India removed 142 alleged terrorists from a blacklist that prevented them from traveling internationally, reports the Hindustan Times.
The 142 people removed from the list include various former Sikh separatists, according to the paper. The wanted persons are believed to be living in Pakistan, the US, Canada, Norway, France and Germany.
Activists from radical Sikh organizations shout slogans in support of Sikh leader Sant Jarnail Singh Bhindranwale and Khalistan, the name for an envisioned independent Sikh state. (NARINDER NANU – AFP/Getty Images).
The Home Ministry decision follows a Delhi High Court instructing it to act on a petition that pleaded that a list of some 169 Sikhs should be reviewed, as the government's refusal to renew their passports has led to "unnecessary harassment" at different airports and embassies across the world, the paper said.
Among those removed from the blacklist is the nephew of Jarnail Singh Bhindranwale–the leader of the Khalistan movement for a separate Sikh state.
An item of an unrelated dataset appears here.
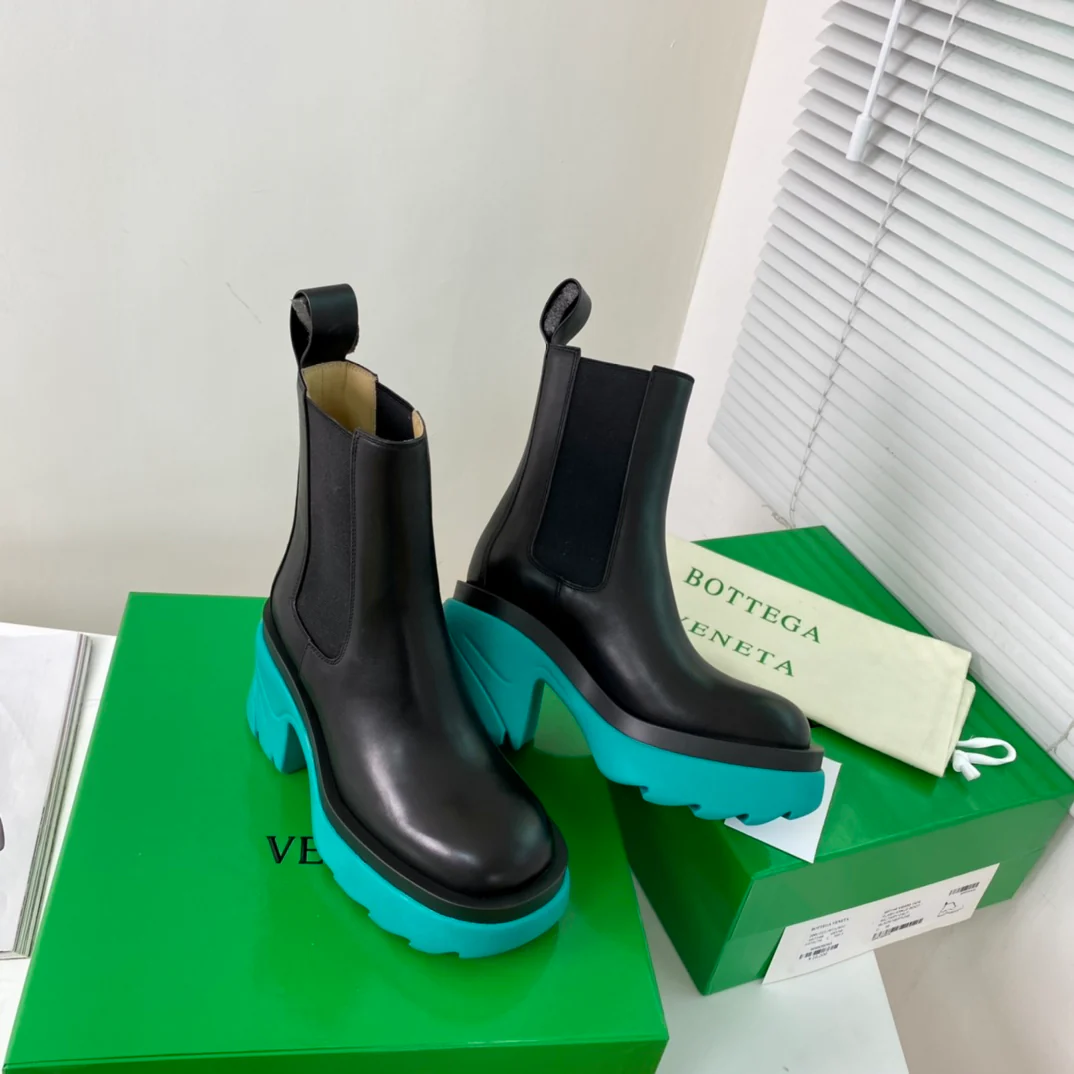 Обувь BV - BV - Турецкие зеленые и черные - ботинки на платформе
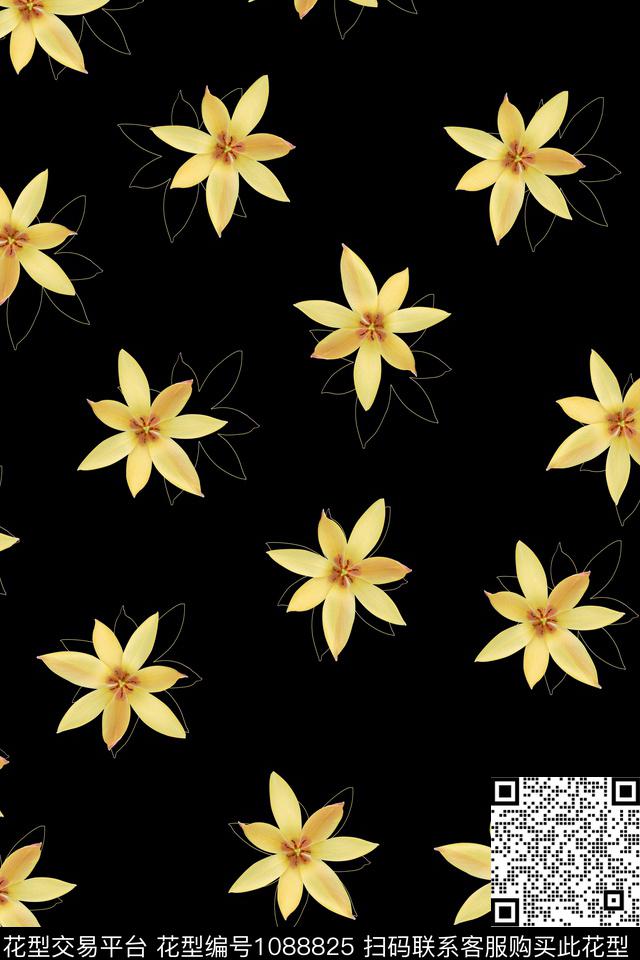 淑女定位花花卉数码印花华亿平台下载（图片编号: 1088825） - 瓦栏（Walan）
Bhindranwale's nephew is now chief of International International Sikh Youth Federation (ISYF). The list also includes the heads of the Khalistan Zindabad Force, the Babbar Khalsa International (BKI) and the Khalistan Commando Force (KCF).
Throughout the 1980s, the Khalistan movement staged sporadic terrorist attacks in Delhi and the Punjab, culminating with Bhindranwale's alleged decision to store weapons and billet troops in the Golden Temple–the Sikh religion's holiest site. Prime Minister Indira Gandhi controversially sent troops to storm the site, which Sikh's claimed resulted in the desecration of the holy shrine. Soon afterward, Gandhi was assassinated by her Sikh bodyguards, triggering systematic and punitive riots in Delhi and across North India in which 2,700 Sikhs were killed, by the government's tally, and as many as 17,000 according to independent sources.
Militants from the Babbar Khalsa International were also suspected to have perpetrated the "Kanishka bombing" of Air India Flight 182 from Montreal to Delhi in 1985, which killed a total of 329 people–most of them Canadian.